Seventeen eligible patients were enrolled. A median of 4 cycles were administered (range, 1-7 cycles). Three patients discontinued treatment due to persistent grade 4 (based on National Cancer Institute Common Terminology Criteria for Adverse Events [version 3.0]) neutropenia with grade 3 leukopenia (2 patients) or grade 4 pulmonary embolism (1 patient). Grade>or=3 toxicities included neutropenia (71%), leukopenia (41%), thrombocytopenia (29%), and arthralgia (12%). Two partial responses were observed (TRR, 11.8%). Four patients had stable disease at >12 weeks. The median progression-free survival was 3.2 months, and the median overall survival was 7.0 months.
Due to insufficient clinical efficacy, this trial did not proceed to second-stage accrual. The combination of paclitaxel, carboplatin, and bortezomib demonstrated limited clinical benefit and was associated with significant toxicity.
化疗并未显著改善转移性黑色素瘤患者的生存。硼替佐米与多种化疗药物联合具有相加/协同作用,包括紫杉醇和铂类药物。一项该三药联合的 1 期临床试验报道,28 例接受硼替佐米治疗后序贯紫杉醇和卡铂治疗的患者中,6 例(包括 5 例转移性黑色素瘤患者中的 2 例)获得部分缓解。

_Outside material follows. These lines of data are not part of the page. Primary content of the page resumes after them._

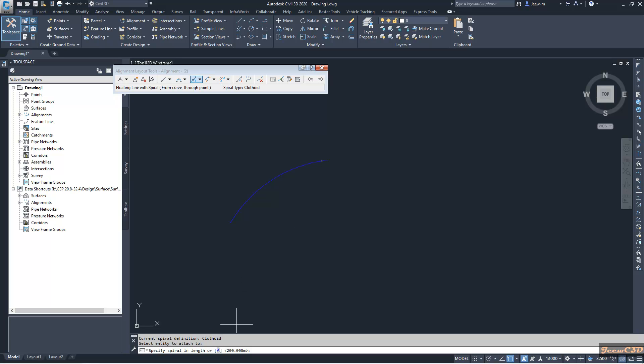It is asking what is my spiral length. Usually, this spiral length is coming from a geometric design guideline. Depending on the speed of the road or speed of the alignment, it will give the spiral length. In my case, I will give a value as 30 here. My spiral length is 30.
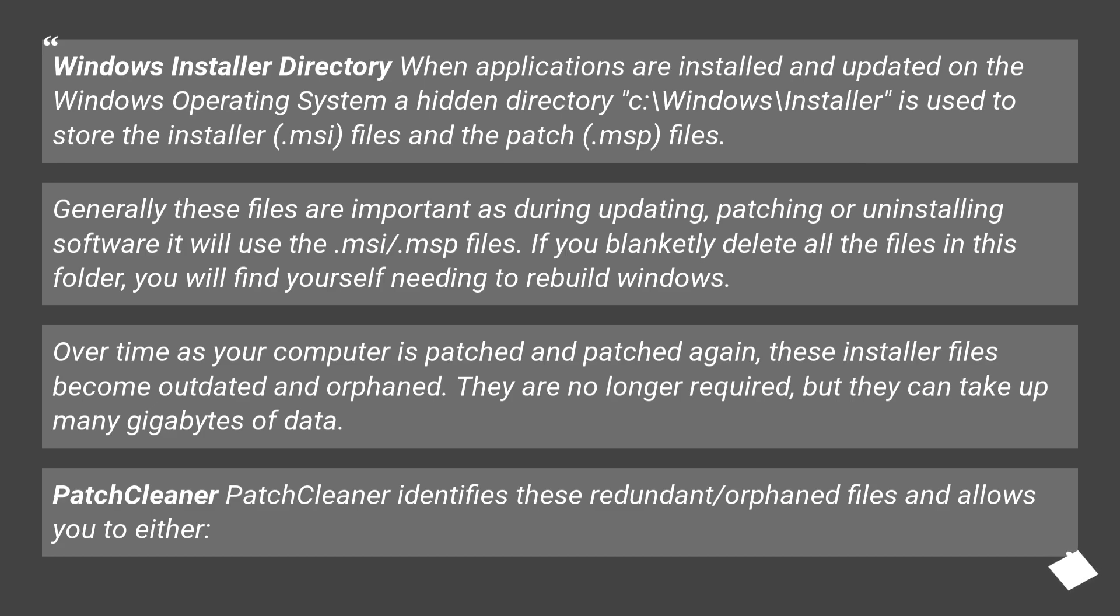Over time as your computer is patched and patched again, these installer files become outdated and orphaned. They are no longer required, but they can take up many gigabytes of data.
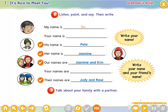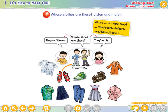Our... Your... Their... Their... Steve's... Their... His... Their... His... Whose shoes are these? His...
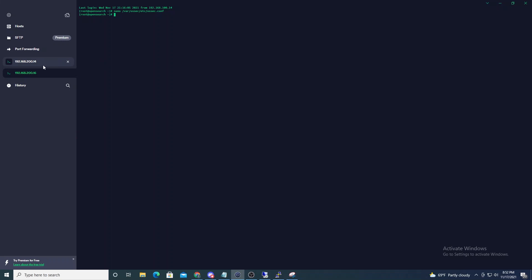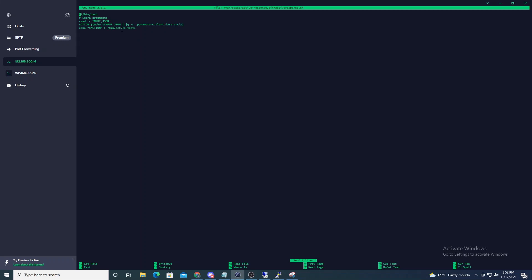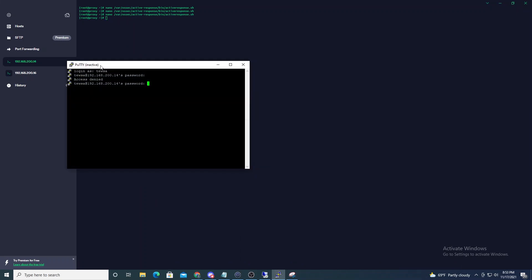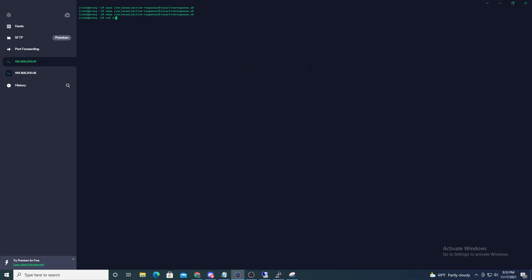Let's see this in action. Going back to our script — once we trigger a failed login, the manager will send us back the JSON, we'll parse out the source IP that triggered the alert, and write that to our text file. Let me go ahead and fail some logins. We just failed a login, and if we open up our temp active response test file we see that our source IP has been stripped out successfully.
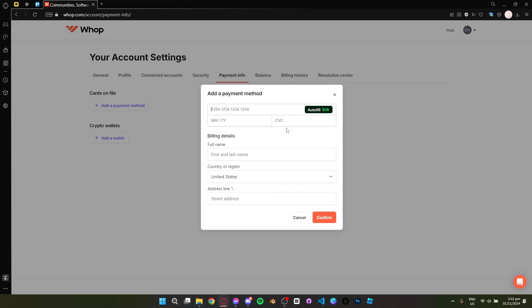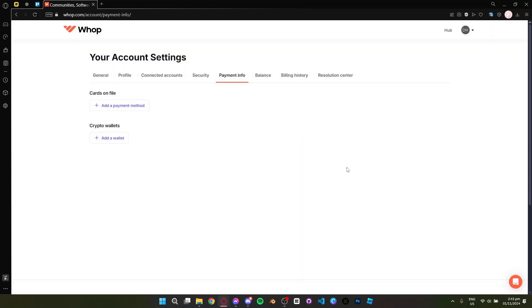name and credit card numbers. After that, click confirm and finish adding the payment method. And that's how you link your PayPal in Whoop.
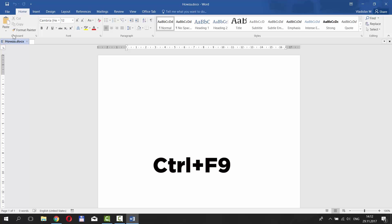Press Ctrl and F9 on your keyboard to run the formula. Type equals sign inside the bracket, then type your number. Next is reverse slash, star as in the asterisk, and Roman.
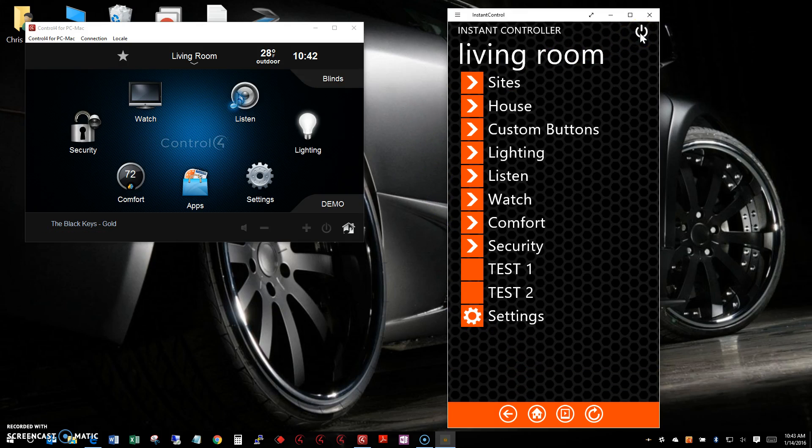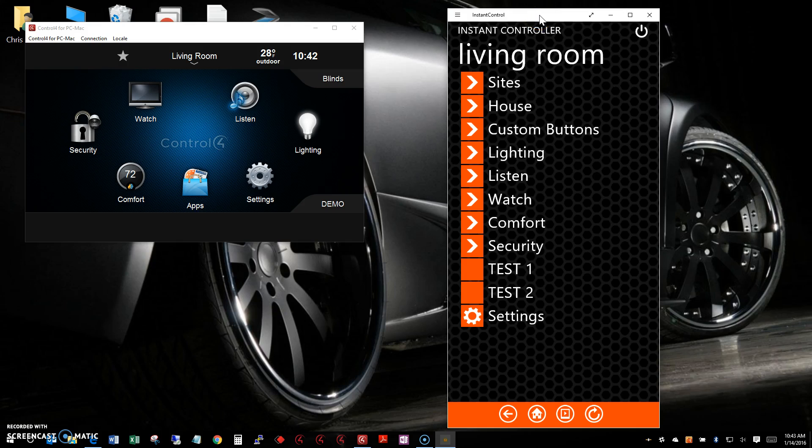I'll turn the room off. You can see full two-way communication - everything is working together. This quick demonstration shows you how fast the Instant Control app is.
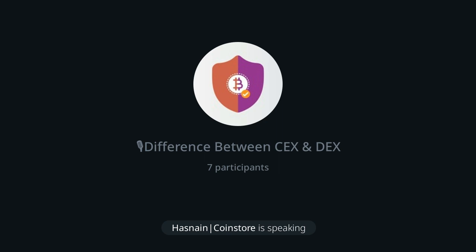In terms of security, CEXes store user funds and have a risk of being hacked. If a centralized exchange is hacked and someone steals from their wallets, users will lose money. This is why some centralized exchanges keep money in cold wallets — wallets stored on a hard drive that is disconnected from the internet — as a safety measure.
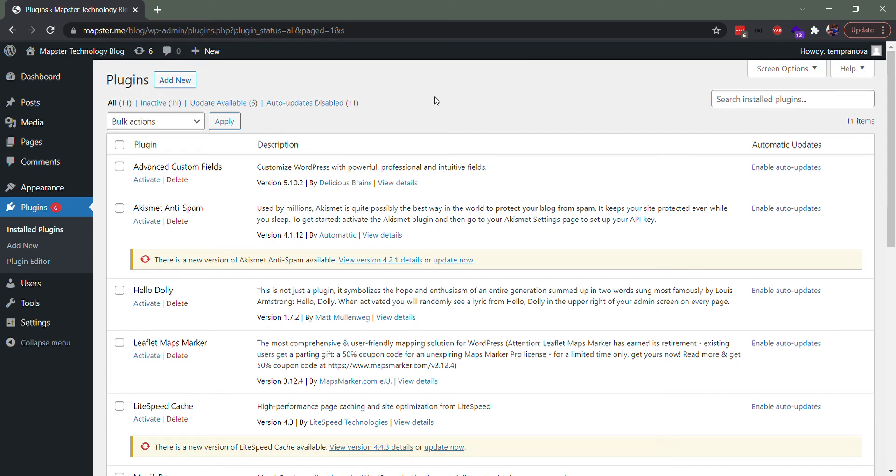Hey everyone, Victor here from Mapster, just here to make a typical installation video so you can get started with Mapster WordPress Maps. You're in your WordPress installation, and just like most other plugins, you can either download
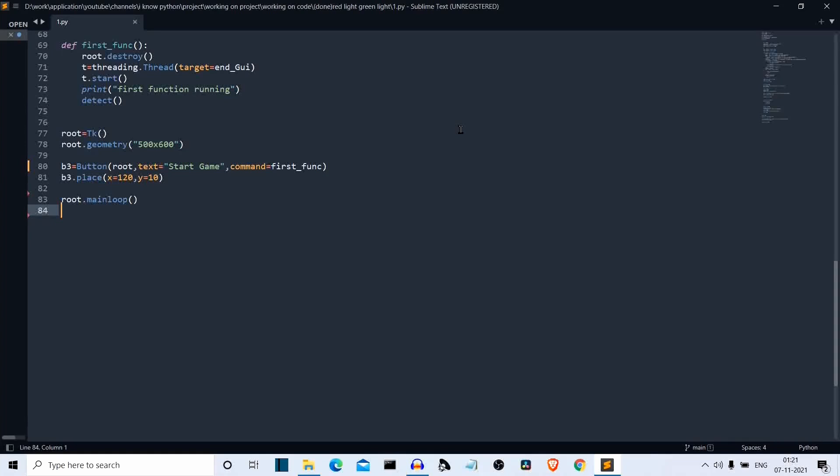Hello Python programmers. In this video we'll discuss how to create a Python program to replicate the popular red light green light game from Squid Games using Python. For all those who don't know the rules of the game, let me visually explain this game to you.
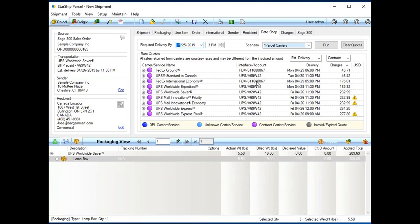The carrier integration is going to allow you to electronically rate shop your shipments. We also have a standalone, so you could actually rate shop outside of Starship. But, here, as you see, we are going to return your live negotiated contract rates that you have with the different carriers.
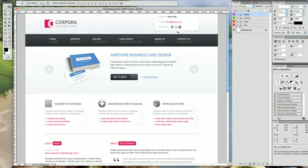Hey everyone, this is Adi Purdilo with a brand new tutorial recorded exclusively for Web Design Tuts. I'm planning on making a tutorial series on how to create a corporate website from scratch in Photoshop, and today we're kicking off with the homepage, so let's get started.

进行了 2 期临床试验,以评估该三药联合方案在转移性黑色素瘤患者中的抗肿瘤活性,这些患者既往转移性疾病最多接受过 1 线化疗。治疗包括硼替佐米 1.3 mg/m2,静脉滴注,第 1、4 和 8 天;紫杉醇 175 mg/m2;卡铂 AUC 为 6,第 21 天周期的第 2 天。该试验的主要终点为肿瘤缓解率(TRR)。
17 例合格患者入组。中位治疗周期数为 4 个(范围 1-7 个周期)。3 例患者因持续的 4 级(根据国立癌症研究所不良事件通用术语标准[版本 3.0])中性粒细胞减少症伴 3 级白细胞减少症(2 例)或 4 级肺栓塞(1 例)而停止治疗。≥3 级毒性包括中性粒细胞减少症(71%)、白细胞减少症(41%)、血小板减少症(29%)和关节痛(12%)。观察到 2 例部分缓解(TRR,11.8%)。4 例患者疾病稳定时间超过 12 周。无进展生存期的中位值为 3.2 个月,总生存期的中位值为 7.0 个月。
由于临床疗效不足,该试验未进入第 2 阶段入组。紫杉醇、卡铂和硼替佐米联合方案显示出有限的临床获益,并伴有显著的毒性。